## YOUR GOAL
Leave out the pictures and copy everything else in the entries exactly.
※
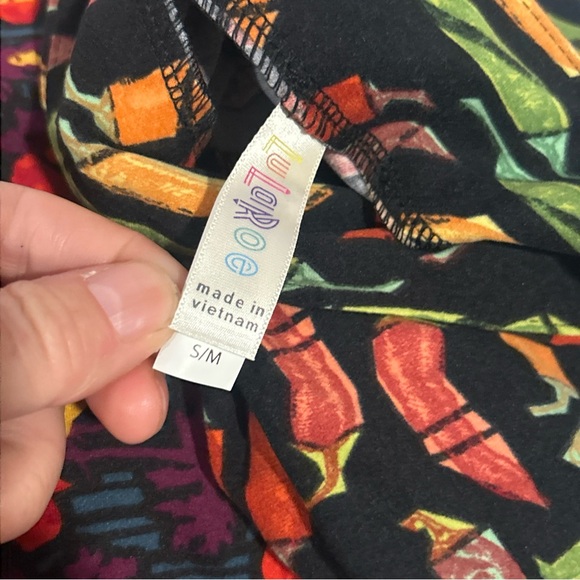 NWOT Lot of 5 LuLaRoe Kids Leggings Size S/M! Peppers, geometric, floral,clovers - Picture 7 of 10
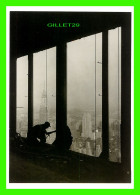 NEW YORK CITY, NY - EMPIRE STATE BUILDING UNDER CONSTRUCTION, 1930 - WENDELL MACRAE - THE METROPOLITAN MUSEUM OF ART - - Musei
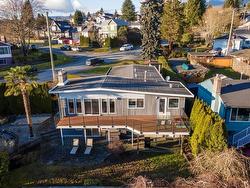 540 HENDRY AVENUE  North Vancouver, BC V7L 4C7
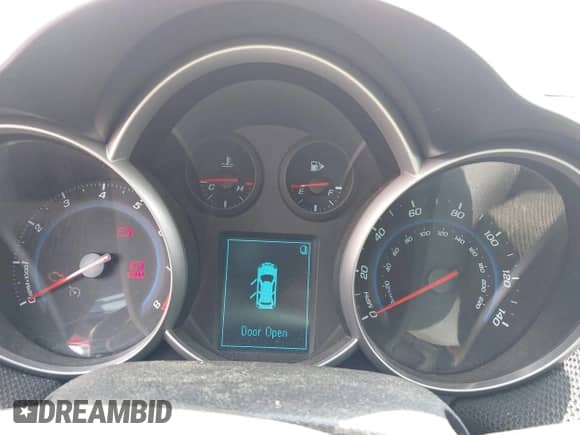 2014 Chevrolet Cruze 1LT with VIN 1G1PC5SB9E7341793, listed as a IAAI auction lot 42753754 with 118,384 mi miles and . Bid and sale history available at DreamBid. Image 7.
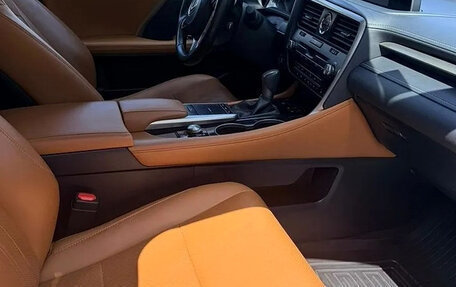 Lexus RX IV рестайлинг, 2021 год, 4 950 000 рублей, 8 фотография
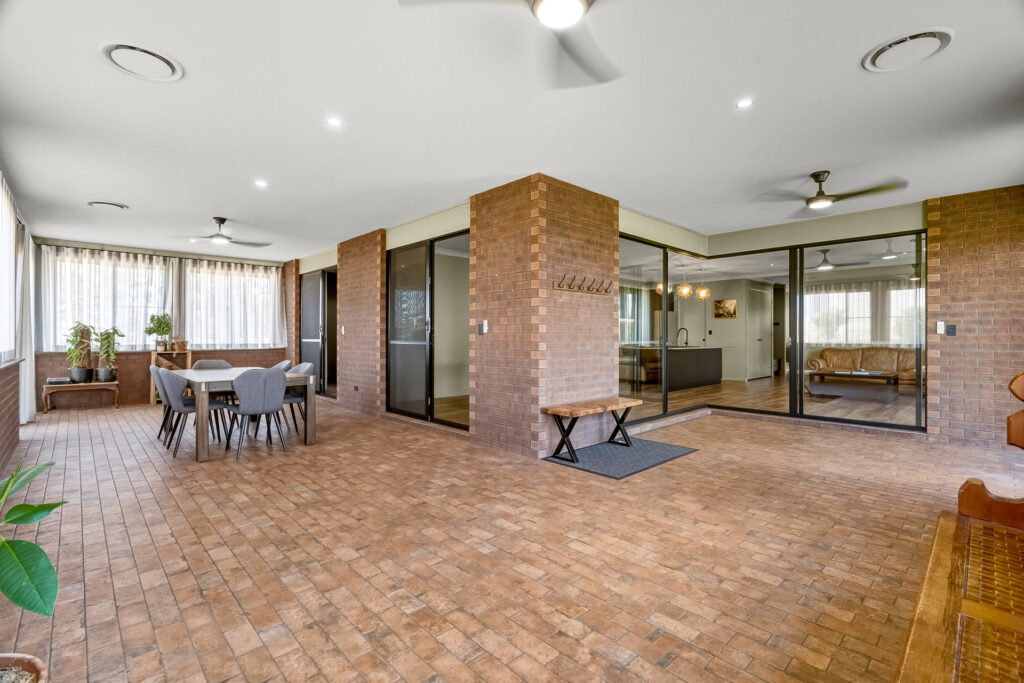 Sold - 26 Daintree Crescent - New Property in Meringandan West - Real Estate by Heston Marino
※
## YOUR RESPONSE
 NWOT Lot of 5 LuLaRoe Kids Leggings Size S/M! Peppers, geometric, floral,clovers - Picture 7 of 10
 NEW YORK CITY, NY - EMPIRE STATE BUILDING UNDER CONSTRUCTION, 1930 - WENDELL MACRAE - THE METROPOLITAN MUSEUM OF ART - - Musei
 540 HENDRY AVENUE  North Vancouver, BC V7L 4C7
 2014 Chevrolet Cruze 1LT with VIN 1G1PC5SB9E7341793, listed as a IAAI auction lot 42753754 with 118,384 mi miles and . Bid and sale history available at DreamBid. Image 7.
 Lexus RX IV рестайлинг, 2021 год, 4 950 000 рублей, 8 фотография
 Sold - 26 Daintree Crescent - New Property in Meringandan West - Real Estate by Heston Marino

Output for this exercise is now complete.